ADANA (UHA) -
Modern hayatın karmaşası, bitmeyen beklentiler ve sürekli koşuşturmalar arasında kaybolmuş hissetmek, günümüz insanının en büyük dertlerinden biri. Ancak yaşamın içerisinde bize rehberlik eden, ruhumuzu onaran ve kendimizi bulmamıza yardımcı olan doğal sığınaklar var. Bu sığınaklar, insanın iç huzura ulaşması ve özüne dönmesi için paha biçilmez birer fırsat sunuyor.
Dua, yalnızlık, sadelik ve sessizlik gibi unsurlar, hayatın yükünden sıyrılmanın ve insanın kendini yeniden inşa etmesinin anahtarı olarak görülüyor. İnsan, dua ederken hem kendi varoluşunu hem de evrendeki yerini sorgular. Bu içsel konuşma, kişiyi rahatlatırken aynı zamanda hayata dair yeni bir perspektif kazandırır.
Yalnızlık ise çoğu zaman yanlış anlaşılan bir kavram. Kişi, yalnız kaldığında kendisiyle baş başa kalma fırsatı bulur. Hayatın hızlı akışında fark edemediği duygularına dokunur ve içsel bir yolculuğa çıkar. Sessizlik, bu yolculukta eşsiz bir arkadaş olur. Gürültüden arınan bir zihin, yaratıcı düşüncelerin ve huzurun merkezidir.
Rus yazar Aleksandr Soljenitsin’in dediği gibi, "Ele geçirerek değil, ele geçirmeyi reddederek insanlığa ulaşabiliriz." Beklentisizlik, bu açıdan oldukça kıymetlidir. Beklentilerden sıyrılan bir ruh, kendine daha özgür ve daha anlamlı bir yaşam alanı yaratır.

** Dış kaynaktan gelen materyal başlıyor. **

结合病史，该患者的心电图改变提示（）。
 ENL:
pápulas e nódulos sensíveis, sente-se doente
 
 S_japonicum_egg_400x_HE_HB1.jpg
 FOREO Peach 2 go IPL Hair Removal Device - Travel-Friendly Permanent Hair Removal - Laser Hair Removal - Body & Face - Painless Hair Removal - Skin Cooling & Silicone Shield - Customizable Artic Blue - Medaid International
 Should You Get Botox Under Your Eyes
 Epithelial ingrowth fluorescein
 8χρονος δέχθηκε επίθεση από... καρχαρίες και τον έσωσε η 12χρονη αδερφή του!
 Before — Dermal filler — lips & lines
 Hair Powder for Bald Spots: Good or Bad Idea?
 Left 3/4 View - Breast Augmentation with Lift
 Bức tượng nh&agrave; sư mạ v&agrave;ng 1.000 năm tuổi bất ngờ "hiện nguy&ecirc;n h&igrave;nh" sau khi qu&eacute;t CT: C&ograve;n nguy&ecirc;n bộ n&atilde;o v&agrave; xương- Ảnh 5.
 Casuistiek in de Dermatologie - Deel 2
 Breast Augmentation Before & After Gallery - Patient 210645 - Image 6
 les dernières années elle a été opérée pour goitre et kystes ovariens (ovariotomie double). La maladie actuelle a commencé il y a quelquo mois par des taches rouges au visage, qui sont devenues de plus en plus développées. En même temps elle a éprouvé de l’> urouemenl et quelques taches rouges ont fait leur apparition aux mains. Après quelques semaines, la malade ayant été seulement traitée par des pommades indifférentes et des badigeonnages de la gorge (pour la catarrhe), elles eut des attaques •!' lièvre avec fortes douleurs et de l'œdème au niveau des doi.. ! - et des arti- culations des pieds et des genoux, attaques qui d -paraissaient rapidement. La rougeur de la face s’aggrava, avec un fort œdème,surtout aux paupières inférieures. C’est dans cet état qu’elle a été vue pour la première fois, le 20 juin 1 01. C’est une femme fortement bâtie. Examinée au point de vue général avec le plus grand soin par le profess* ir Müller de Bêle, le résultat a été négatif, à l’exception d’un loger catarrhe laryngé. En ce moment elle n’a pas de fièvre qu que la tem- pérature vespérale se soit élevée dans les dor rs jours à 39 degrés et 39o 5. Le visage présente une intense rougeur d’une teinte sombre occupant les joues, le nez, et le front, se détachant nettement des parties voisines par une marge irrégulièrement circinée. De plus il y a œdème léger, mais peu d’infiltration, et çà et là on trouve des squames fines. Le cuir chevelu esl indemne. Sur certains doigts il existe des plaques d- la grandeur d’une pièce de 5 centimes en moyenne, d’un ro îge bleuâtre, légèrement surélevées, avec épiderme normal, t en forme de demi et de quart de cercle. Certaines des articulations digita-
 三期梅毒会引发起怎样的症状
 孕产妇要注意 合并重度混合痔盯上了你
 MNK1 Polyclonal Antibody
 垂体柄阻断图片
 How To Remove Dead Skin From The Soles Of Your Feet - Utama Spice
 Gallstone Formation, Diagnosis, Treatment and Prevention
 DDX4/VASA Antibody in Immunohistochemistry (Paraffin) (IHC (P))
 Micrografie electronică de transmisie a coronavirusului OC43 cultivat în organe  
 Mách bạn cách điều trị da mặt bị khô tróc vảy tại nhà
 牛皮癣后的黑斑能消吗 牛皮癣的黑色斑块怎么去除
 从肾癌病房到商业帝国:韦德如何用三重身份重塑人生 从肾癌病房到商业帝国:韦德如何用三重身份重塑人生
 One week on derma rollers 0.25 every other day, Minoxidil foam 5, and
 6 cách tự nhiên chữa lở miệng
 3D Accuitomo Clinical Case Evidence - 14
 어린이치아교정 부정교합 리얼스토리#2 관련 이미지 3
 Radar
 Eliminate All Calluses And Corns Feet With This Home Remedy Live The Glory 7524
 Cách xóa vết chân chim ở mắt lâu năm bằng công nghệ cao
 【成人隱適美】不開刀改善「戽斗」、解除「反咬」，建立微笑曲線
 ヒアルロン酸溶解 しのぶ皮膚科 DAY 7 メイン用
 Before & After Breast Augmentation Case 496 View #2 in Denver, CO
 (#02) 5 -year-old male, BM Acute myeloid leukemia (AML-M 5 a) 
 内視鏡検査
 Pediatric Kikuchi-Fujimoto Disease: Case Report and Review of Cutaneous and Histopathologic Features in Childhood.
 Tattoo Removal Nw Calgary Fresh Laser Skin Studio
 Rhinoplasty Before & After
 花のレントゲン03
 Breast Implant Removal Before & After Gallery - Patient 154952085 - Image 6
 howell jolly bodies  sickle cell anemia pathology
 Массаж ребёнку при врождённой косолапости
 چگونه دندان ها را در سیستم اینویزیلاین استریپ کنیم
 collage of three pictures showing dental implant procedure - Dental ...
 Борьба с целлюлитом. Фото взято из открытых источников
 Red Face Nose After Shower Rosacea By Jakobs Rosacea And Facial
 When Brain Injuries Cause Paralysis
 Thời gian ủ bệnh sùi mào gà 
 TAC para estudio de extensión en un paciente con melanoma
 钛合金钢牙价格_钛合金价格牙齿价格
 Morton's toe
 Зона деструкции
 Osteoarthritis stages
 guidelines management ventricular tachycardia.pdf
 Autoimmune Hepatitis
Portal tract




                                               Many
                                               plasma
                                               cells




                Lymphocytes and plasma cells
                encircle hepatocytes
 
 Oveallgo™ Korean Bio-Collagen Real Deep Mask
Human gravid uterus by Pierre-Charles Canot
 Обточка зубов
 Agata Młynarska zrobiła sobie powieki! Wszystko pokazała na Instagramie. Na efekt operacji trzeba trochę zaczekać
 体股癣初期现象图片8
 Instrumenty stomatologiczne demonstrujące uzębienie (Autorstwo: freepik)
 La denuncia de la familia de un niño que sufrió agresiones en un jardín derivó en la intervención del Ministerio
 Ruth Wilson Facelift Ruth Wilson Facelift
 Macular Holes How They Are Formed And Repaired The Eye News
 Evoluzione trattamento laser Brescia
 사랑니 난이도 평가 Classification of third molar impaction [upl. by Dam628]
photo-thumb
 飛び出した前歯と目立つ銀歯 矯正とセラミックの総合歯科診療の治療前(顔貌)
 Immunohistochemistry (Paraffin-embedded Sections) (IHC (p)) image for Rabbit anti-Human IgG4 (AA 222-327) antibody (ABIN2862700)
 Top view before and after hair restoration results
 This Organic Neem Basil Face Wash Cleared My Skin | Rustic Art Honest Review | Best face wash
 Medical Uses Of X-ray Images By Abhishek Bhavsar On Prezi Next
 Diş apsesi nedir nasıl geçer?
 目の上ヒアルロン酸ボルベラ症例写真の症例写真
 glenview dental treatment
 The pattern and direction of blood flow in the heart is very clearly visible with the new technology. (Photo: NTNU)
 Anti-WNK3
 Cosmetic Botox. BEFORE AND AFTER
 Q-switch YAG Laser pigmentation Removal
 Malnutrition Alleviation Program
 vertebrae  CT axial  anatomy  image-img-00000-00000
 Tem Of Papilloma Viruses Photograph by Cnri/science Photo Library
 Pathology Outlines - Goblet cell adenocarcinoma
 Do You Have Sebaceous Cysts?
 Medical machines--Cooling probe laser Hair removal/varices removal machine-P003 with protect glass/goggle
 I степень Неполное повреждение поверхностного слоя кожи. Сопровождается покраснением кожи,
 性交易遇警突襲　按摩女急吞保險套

Nihayetinde, bu doğal sığınaklar, kişinin kendini bulmasında ve yaşamın karmaşasıyla başa çıkmasında önemli birer rehberdir. Hepimizin kendi sığınağını bulması ve ruhunu dinlendirmesi için bu yollara başvurması, daha huzurlu bir hayat için kaçınılmazdır. Psikologlar, Hocalar bu konuda insanları her daim dua önerisinde bulunuyor.